Data to process START

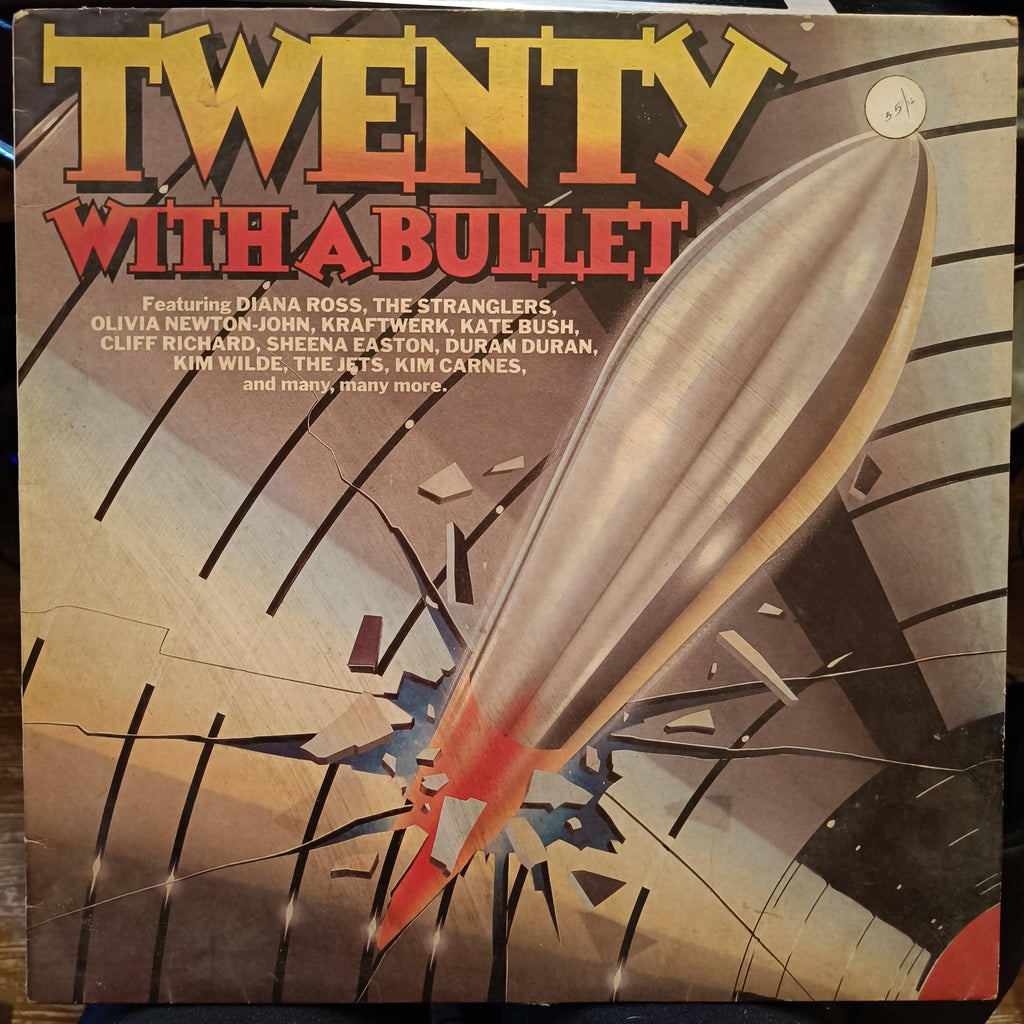 Various – Twenty With A Bullet (Used Vinyl - VG) JS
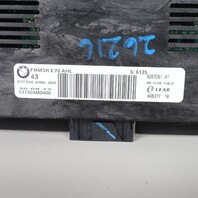 2007-2013 BMW X5 X6 Footwell Light Control Module OEM 61359287251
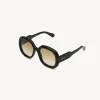 Women Chloé Gayia Sunglasses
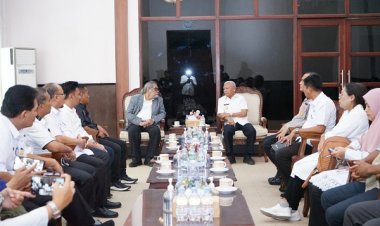 Komnas Perlindungan Anak Kunjungi Rumah Korban Kekerasan Seksual di Asahan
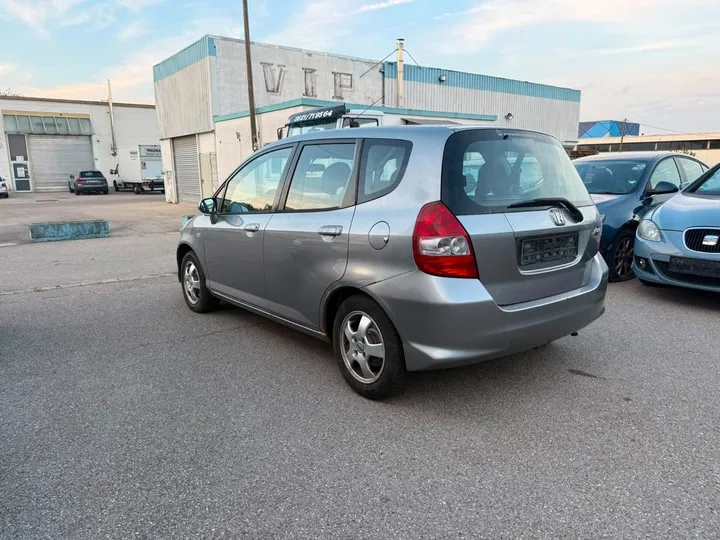 Honda Jazz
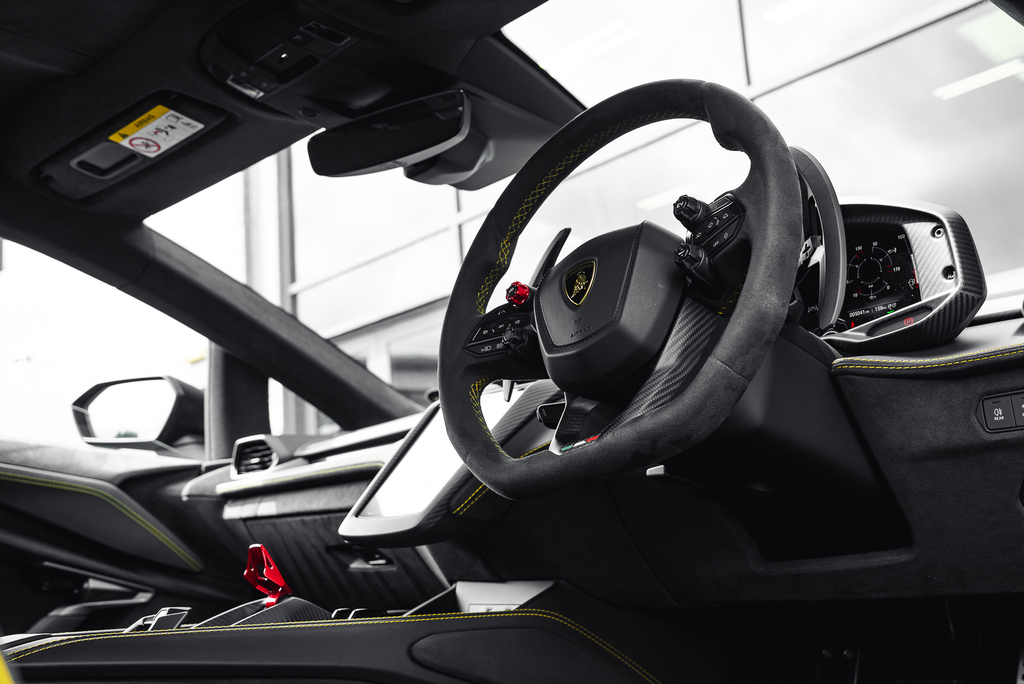 Lamborghini Revuelto 6.5 V12 Hpev 3.8Kwh Amt 4Wd Euro 6  #51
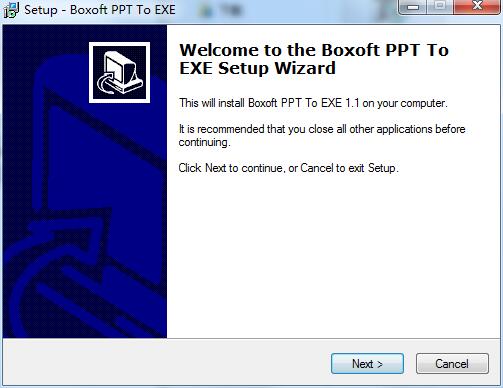 A-PDF PPT to EXE
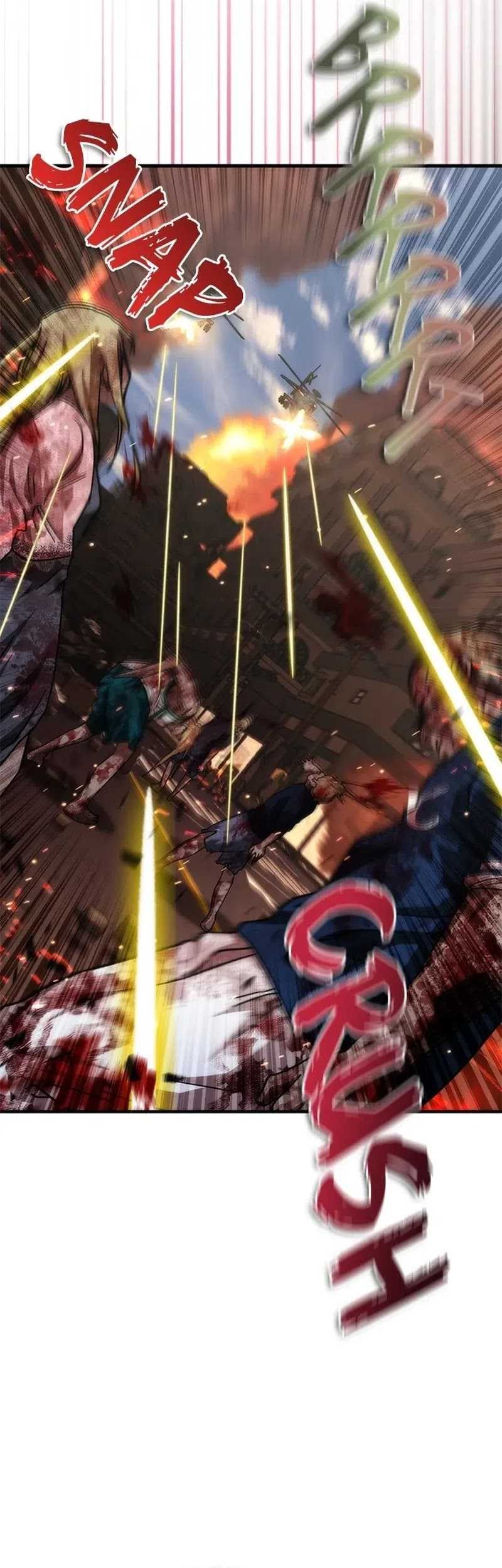 Zombie Apocalypse 82-08 Chapter 60 - halaman 43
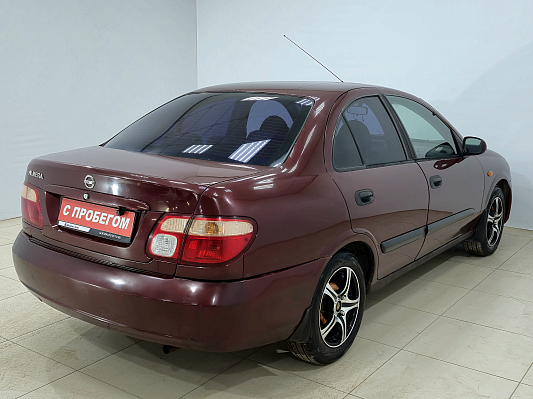 Nissan Almera, 2004 года, пробег 179423 км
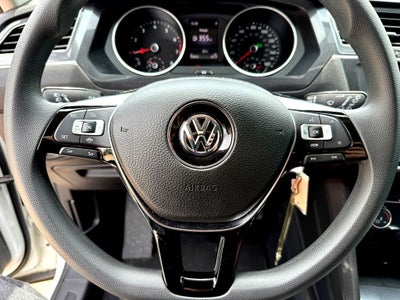 2021 Volkswagen Tiguan 2.0T S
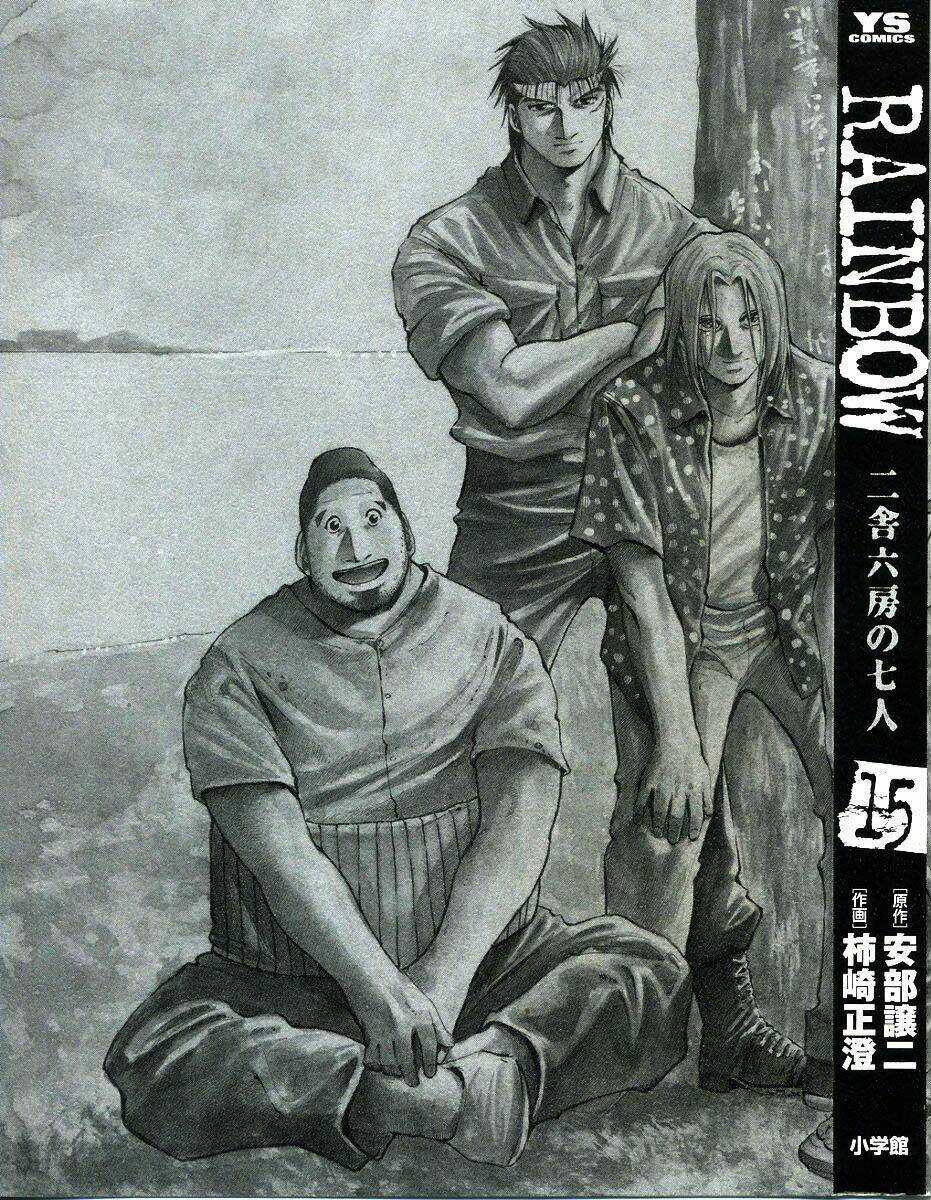 Rainbow - Chapter 150 - Trang 3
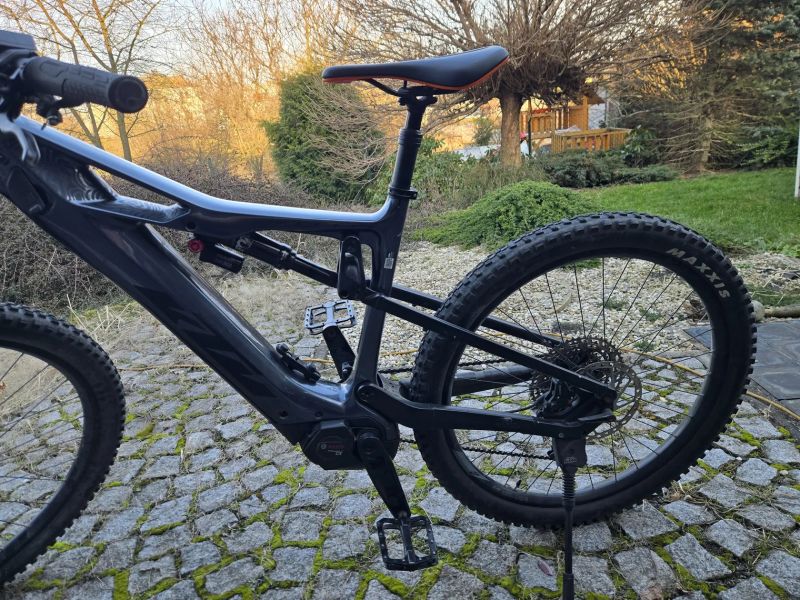 KTM Macina Kapoho elite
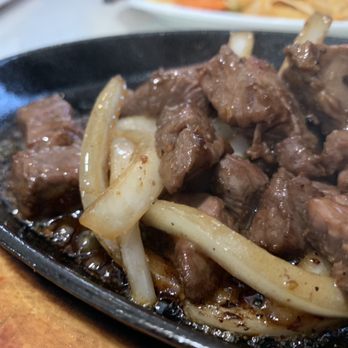 Ocean Pho - Sautéed Diced Filet Mignon with Rice (French Style) - Vietnamese Near Me - Redlands, California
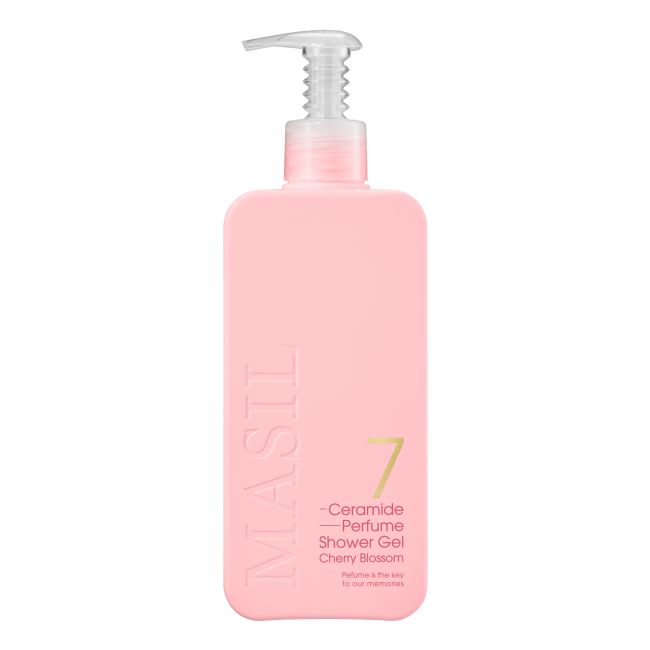 MASIL 7 CERAMIDE PERFUME dušo želė, 300 ml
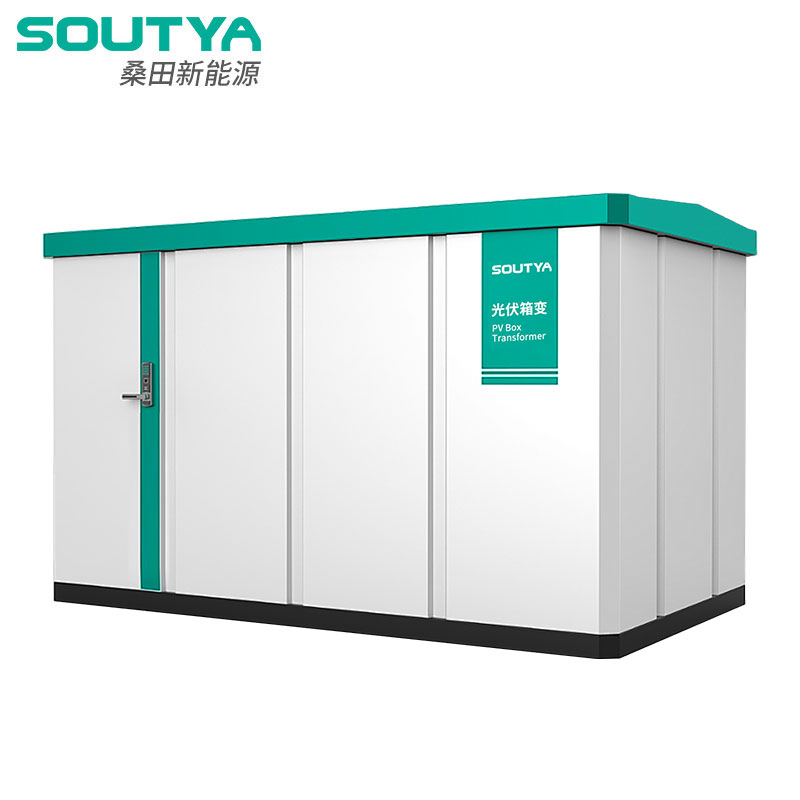 PV Box Transformer
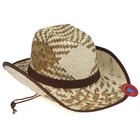 Карнавальная шляпа "Ковбой", цвета МИКС - Фото 3
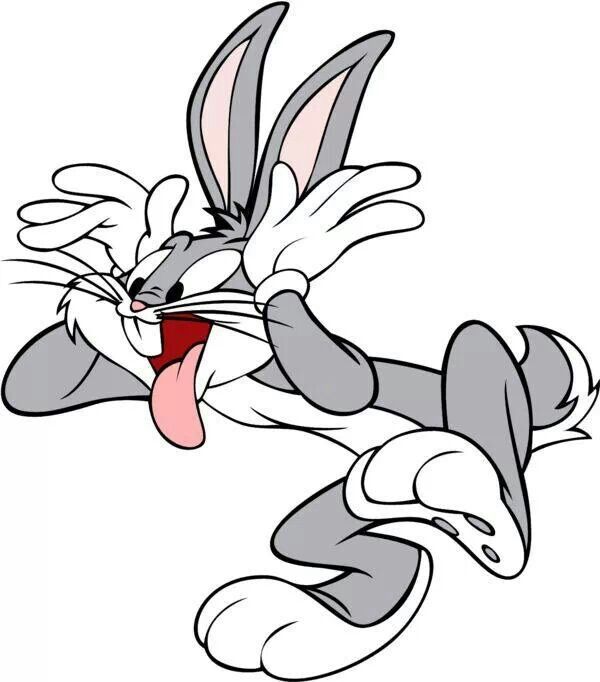 Bugs Bunny | Looney Tunes, Marvin ...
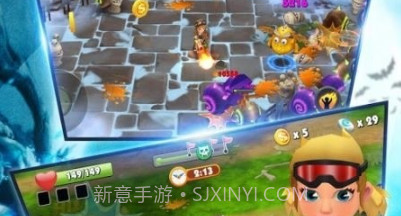 僵尸射手僵尸大作战v1.0.20截图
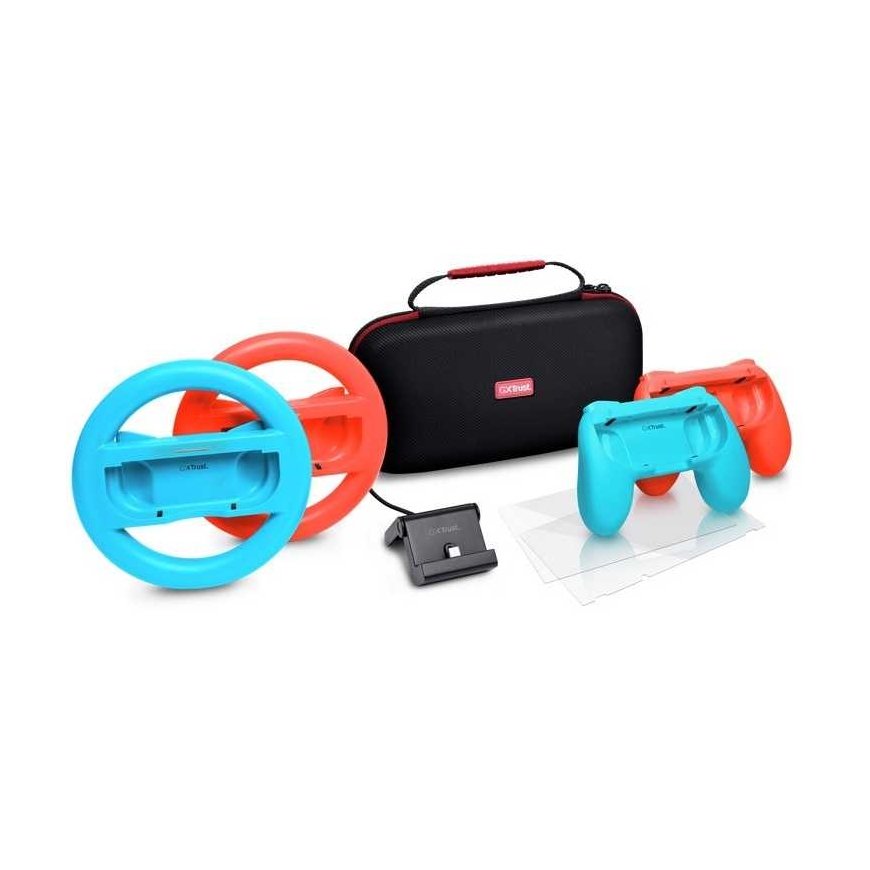 Trust Kit nintendo gxt1249 7-in-1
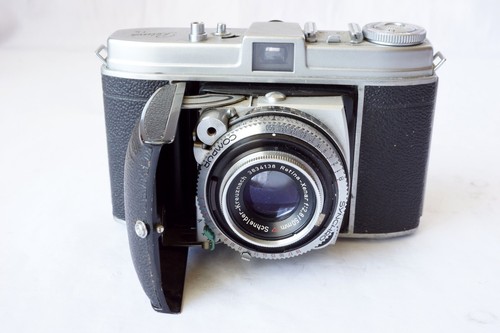 Fotocamera kodak retina - fotocamera,
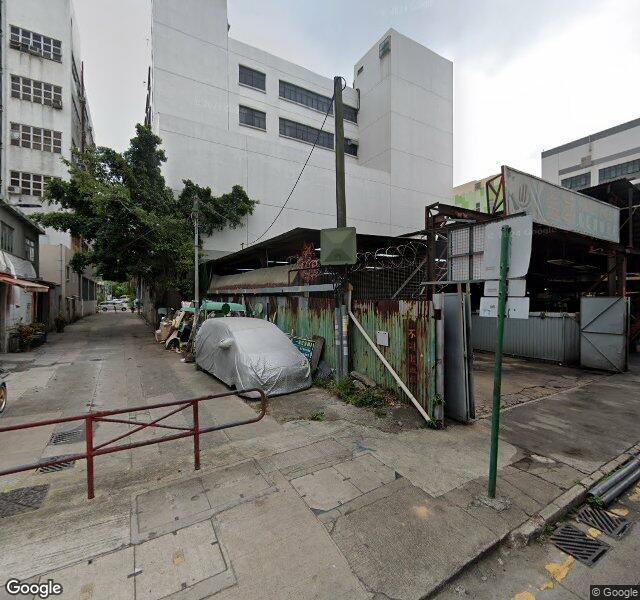 安樂門街車場咪錶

Data to process END

Activity:
Exact copies of all the entries are needed; output them without the pictures.

Task result:
 Various – Twenty With A Bullet (Used Vinyl - VG) JS
 2007-2013 BMW X5 X6 Footwell Light Control Module OEM 61359287251
 Women Chloé Gayia Sunglasses
 Komnas Perlindungan Anak Kunjungi Rumah Korban Kekerasan Seksual di Asahan
 Honda Jazz
 Lamborghini Revuelto 6.5 V12 Hpev 3.8Kwh Amt 4Wd Euro 6  #51
 A-PDF PPT to EXE
 Zombie Apocalypse 82-08 Chapter 60 - halaman 43
 Nissan Almera, 2004 года, пробег 179423 км
 2021 Volkswagen Tiguan 2.0T S
 Rainbow - Chapter 150 - Trang 3
 KTM Macina Kapoho elite
 Ocean Pho - Sautéed Diced Filet Mignon with Rice (French Style) - Vietnamese Near Me - Redlands, California
 MASIL 7 CERAMIDE PERFUME dušo želė, 300 ml
 PV Box Transformer
 Карнавальная шляпа "Ковбой", цвета МИКС - Фото 3
 Bugs Bunny | Looney Tunes, Marvin ...
 僵尸射手僵尸大作战v1.0.20截图
 Trust Kit nintendo gxt1249 7-in-1
 Fotocamera kodak retina - fotocamera,
 安樂門街車場咪錶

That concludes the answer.